===== Supplied data

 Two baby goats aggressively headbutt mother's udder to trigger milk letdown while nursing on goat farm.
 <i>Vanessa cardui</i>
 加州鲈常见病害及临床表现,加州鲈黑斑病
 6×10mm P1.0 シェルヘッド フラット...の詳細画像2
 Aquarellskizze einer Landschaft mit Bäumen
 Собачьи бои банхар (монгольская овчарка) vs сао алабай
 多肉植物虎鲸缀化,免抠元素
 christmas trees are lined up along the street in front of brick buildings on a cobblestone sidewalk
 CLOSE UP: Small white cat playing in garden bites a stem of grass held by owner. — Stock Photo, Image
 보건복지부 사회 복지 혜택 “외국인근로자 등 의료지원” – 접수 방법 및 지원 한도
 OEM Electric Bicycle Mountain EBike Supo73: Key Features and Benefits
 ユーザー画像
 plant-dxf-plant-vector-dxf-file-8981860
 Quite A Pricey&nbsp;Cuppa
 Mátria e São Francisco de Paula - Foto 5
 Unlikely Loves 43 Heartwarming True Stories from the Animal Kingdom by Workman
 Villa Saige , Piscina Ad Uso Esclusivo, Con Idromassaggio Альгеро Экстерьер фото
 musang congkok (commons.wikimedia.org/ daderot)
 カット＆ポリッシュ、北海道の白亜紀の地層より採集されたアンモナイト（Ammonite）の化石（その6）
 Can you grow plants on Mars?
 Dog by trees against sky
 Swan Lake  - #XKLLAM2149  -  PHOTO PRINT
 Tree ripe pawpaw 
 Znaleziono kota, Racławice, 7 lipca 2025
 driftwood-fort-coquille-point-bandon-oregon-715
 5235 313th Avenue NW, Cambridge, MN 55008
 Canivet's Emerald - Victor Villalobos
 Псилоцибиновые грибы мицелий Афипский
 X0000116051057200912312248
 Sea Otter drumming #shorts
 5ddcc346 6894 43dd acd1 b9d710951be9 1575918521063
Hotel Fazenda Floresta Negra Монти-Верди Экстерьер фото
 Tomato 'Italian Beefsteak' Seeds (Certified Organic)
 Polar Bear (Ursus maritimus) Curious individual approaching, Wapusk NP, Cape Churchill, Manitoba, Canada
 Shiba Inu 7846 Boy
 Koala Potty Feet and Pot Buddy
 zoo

==========

◆ What you will do
Transcribe each entry exactly as it appears.

◆ Task solution
 Two baby goats aggressively headbutt mother's udder to trigger milk letdown while nursing on goat farm.
 <i>Vanessa cardui</i>
 加州鲈常见病害及临床表现,加州鲈黑斑病
 6×10mm P1.0 シェルヘッド フラット...の詳細画像2
 Aquarellskizze einer Landschaft mit Bäumen
 Собачьи бои банхар (монгольская овчарка) vs сао алабай
 多肉植物虎鲸缀化,免抠元素
 christmas trees are lined up along the street in front of brick buildings on a cobblestone sidewalk
 CLOSE UP: Small white cat playing in garden bites a stem of grass held by owner. — Stock Photo, Image
 보건복지부 사회 복지 혜택 “외국인근로자 등 의료지원” – 접수 방법 및 지원 한도
 OEM Electric Bicycle Mountain EBike Supo73: Key Features and Benefits
 ユーザー画像
 plant-dxf-plant-vector-dxf-file-8981860
 Quite A Pricey&nbsp;Cuppa
 Mátria e São Francisco de Paula - Foto 5
 Unlikely Loves 43 Heartwarming True Stories from the Animal Kingdom by Workman
 Villa Saige , Piscina Ad Uso Esclusivo, Con Idromassaggio Альгеро Экстерьер фото
 musang congkok (commons.wikimedia.org/ daderot)
 カット＆ポリッシュ、北海道の白亜紀の地層より採集されたアンモナイト（Ammonite）の化石（その6）
 Can you grow plants on Mars?
 Dog by trees against sky
 Swan Lake  - #XKLLAM2149  -  PHOTO PRINT
 Tree ripe pawpaw 
 Znaleziono kota, Racławice, 7 lipca 2025
 driftwood-fort-coquille-point-bandon-oregon-715
 5235 313th Avenue NW, Cambridge, MN 55008
 Canivet's Emerald - Victor Villalobos
 Псилоцибиновые грибы мицелий Афипский
 X0000116051057200912312248
 Sea Otter drumming #shorts
 5ddcc346 6894 43dd acd1 b9d710951be9 1575918521063
Hotel Fazenda Floresta Negra Монти-Верди Экстерьер фото
 Tomato 'Italian Beefsteak' Seeds (Certified Organic)
 Polar Bear (Ursus maritimus) Curious individual approaching, Wapusk NP, Cape Churchill, Manitoba, Canada
 Shiba Inu 7846 Boy
 Koala Potty Feet and Pot Buddy
 zoo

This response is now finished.